§ **PROBLEM**
Lines where the string "Collection" appears are to be copied from the entries below.

☆ ☆ ☆ ☆

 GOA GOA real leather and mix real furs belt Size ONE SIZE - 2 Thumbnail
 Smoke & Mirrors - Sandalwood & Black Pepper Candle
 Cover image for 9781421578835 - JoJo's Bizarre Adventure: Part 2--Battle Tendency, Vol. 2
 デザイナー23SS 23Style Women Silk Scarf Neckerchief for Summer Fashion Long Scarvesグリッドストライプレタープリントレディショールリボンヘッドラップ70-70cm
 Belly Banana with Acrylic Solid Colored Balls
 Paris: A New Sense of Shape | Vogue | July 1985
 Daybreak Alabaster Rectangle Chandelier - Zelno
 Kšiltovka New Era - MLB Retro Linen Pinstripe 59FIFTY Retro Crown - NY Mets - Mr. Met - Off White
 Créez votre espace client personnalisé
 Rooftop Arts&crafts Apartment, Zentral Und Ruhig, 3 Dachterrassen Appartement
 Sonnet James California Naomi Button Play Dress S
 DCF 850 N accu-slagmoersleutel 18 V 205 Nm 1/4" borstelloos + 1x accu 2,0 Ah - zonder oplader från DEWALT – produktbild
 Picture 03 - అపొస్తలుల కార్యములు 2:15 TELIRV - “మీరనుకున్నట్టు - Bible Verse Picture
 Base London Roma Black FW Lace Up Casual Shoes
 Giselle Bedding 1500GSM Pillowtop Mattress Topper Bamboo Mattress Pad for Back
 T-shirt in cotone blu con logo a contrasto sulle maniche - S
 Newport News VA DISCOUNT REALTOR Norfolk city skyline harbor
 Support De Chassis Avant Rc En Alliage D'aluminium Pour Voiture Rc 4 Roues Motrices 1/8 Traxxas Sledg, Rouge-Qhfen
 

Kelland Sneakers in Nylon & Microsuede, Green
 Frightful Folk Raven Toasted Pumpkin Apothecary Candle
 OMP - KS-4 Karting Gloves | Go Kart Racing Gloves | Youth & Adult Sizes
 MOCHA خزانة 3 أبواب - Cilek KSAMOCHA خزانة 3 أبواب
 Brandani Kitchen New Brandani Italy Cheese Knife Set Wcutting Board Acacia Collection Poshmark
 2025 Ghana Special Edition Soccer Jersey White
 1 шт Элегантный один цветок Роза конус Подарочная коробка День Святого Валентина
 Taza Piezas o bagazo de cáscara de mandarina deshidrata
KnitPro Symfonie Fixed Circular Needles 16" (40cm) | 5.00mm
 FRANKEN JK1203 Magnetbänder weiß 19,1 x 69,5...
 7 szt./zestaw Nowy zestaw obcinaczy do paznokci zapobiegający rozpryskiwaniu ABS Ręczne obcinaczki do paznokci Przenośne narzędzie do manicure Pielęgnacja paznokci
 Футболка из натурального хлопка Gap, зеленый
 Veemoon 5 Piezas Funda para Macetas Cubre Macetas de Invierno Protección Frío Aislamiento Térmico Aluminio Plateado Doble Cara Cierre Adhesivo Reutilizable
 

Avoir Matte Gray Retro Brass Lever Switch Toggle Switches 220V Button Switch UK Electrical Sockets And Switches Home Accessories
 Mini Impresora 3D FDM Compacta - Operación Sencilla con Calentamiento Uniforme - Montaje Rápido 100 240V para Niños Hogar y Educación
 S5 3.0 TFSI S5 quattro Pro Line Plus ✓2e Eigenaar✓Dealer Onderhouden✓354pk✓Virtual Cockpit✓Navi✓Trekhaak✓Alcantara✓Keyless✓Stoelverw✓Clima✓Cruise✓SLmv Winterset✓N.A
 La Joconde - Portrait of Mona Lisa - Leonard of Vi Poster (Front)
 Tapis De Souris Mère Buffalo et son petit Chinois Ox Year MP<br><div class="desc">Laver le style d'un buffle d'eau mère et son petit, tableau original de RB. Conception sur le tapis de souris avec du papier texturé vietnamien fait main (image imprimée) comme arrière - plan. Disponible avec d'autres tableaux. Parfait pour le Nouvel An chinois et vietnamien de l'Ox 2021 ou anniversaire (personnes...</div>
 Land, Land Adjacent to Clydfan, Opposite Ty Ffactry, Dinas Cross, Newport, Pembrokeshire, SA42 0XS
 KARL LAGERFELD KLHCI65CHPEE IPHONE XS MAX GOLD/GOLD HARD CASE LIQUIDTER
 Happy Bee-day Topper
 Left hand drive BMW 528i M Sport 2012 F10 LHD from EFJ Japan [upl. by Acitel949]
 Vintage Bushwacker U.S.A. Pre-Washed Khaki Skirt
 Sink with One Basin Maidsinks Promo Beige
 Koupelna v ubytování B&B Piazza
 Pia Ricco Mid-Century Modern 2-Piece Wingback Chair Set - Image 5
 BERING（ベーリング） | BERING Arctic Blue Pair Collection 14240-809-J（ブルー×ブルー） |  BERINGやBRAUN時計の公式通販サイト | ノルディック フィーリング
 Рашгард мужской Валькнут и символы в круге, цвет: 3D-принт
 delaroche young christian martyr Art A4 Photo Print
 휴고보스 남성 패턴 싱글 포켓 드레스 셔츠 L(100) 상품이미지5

☆ ☆ ☆ ☆

§ **ANSWER BELOW**
 Brandani Kitchen New Brandani Italy Cheese Knife Set Wcutting Board Acacia Collection Poshmark
 BERING（ベーリング） | BERING Arctic Blue Pair Collection 14240-809-J（ブルー×ブルー） |  BERINGやBRAUN時計の公式通販サイト | ノルディック フィーリング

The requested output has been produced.